The third application was not approved because it did not comply.
In addition to the houses destroyed in the early March nor’easter, 13 were deemed uninhabitable. Six of those were demolished because of structural damage from beach erosion, officials told the Globe in March. At least another 40 houses on the barrier island were at risk of damage.
“This winter was terrible. We got hit with storms starting with Sandy, going into the blizzard of 2013, and then the March storms,” said Harry Trout, who lost his home on Fordham Way in March and is seeking to rebuild. “And we also had storms without names that came and went on a weekly basis.”
Trout’s application is the one that has not yet been approved.
The applications that have been OK’d were filed by the Tuthill and Kirkpatrick families, who own parcels on Fordham Way, the homeowners said.
“We have been cleared by the DEP,” said Gingie Tuthill, whose family has owned the property for 40 years.
Tuthill added that getting approval from the state environmental agency was not an easy process.
“We have had to hire three engineers to help us get through this project; it is unbelievable what DEP demands of homeowners,” she said. “So far as we know, DEP has gone away from us.”
A member of the Kirkpatrick family confirmed that their application was approved, but declined to comment further.
The applications to rebuild first had to be approved by the Newbury Conservation Commission and other local boards before coming under state purview, Coletta said.
“They have to get the local approval for the projects and then come to us and we have to ensure that the plans will meet the standards as outlined in the Wetlands Protection Act,” he said.

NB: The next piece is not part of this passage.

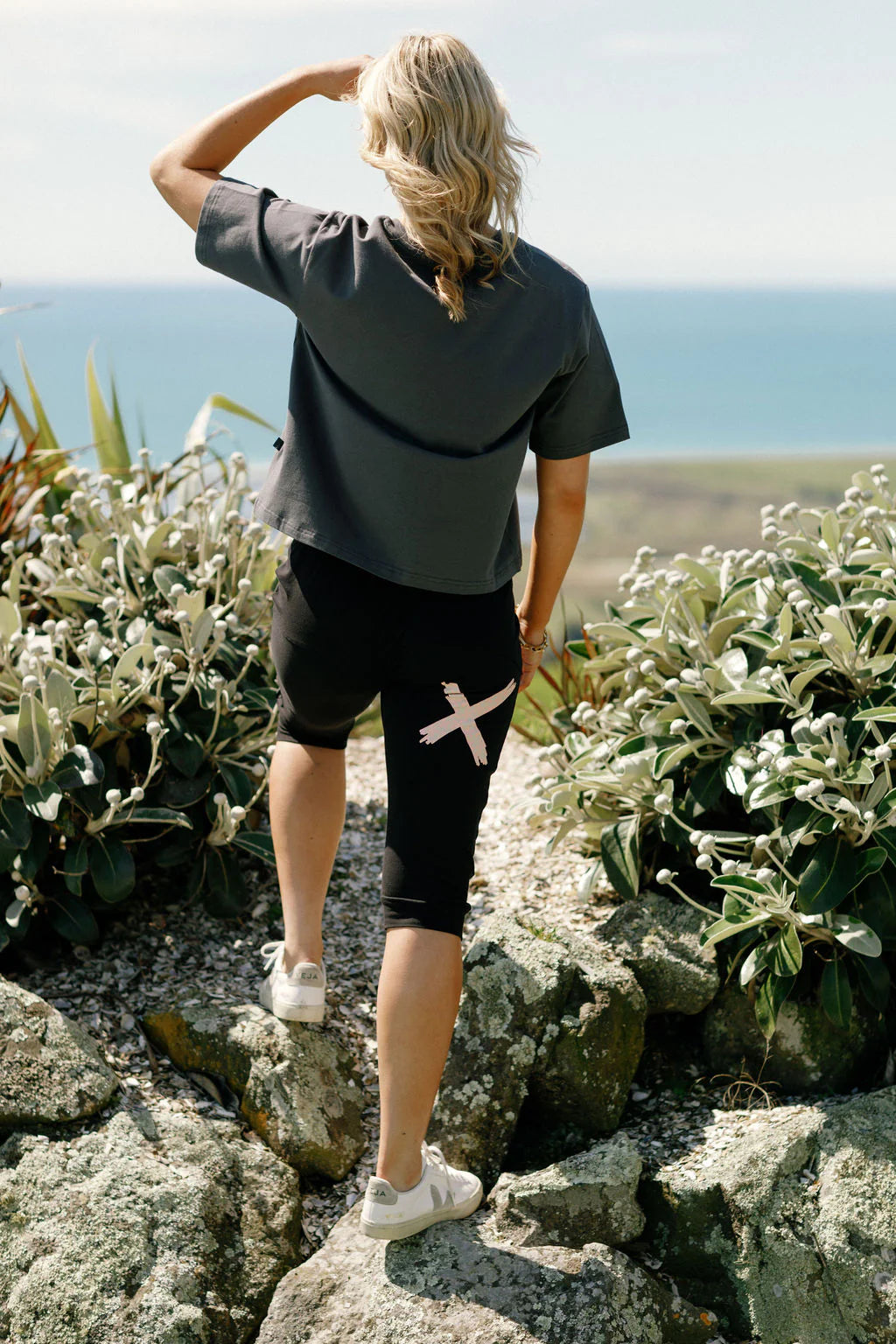 HOME-LEE 3/4 APARTMENT PANTS - BLACK/BLOSSOM DAISY X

“In the one case that has not yet been approved, the application was insufficient and didn’t comply with performance standards so [the agency] has intervened,” Coletta said. Last month, the state agency “sent a request to Mr. Trout requesting more information on his project. Our hope is that he will provide that information and we can move forward to the approval process.”
Trout said that after the town’s conservation commission approved his filing to rebuild, the state sent him a notice of intervention and asked to visit the site themselves. Now, he is working to ensure that his application is complete.
“I am in the process of complying with their wishes and demands. They’re things I was going to comply with anyway, without their intervention,” he said. “I’m going to hire an environmentalist to make sure I have my i’s dotted and t’s crossed.”
In addition to locating the rebuilt homes further away from the dunes and building on pilings, residents have said that they need to be able to do more to ensure the safety of their homes. But measures such as adding concrete barriers to dune areas are prohibited under state environmental regulations, which coastal residents have long criticized as overly strict.
“The Wetlands Protection Act does not allow the armoring of the beach or beach property,” Coletta said. “It is a very dynamic system there where it is a barrier beach and the sand moves in and moves out depending on wave action and all sorts of natural factors. That’s something that has to be considered here.”
But homeowners said their right to defend homes from Mother Nature should supersede the conditions of the act.
“If you can buy a gun and keep it inside your front door we should be able to do what is necessary to protect our homes,” Tuthill said.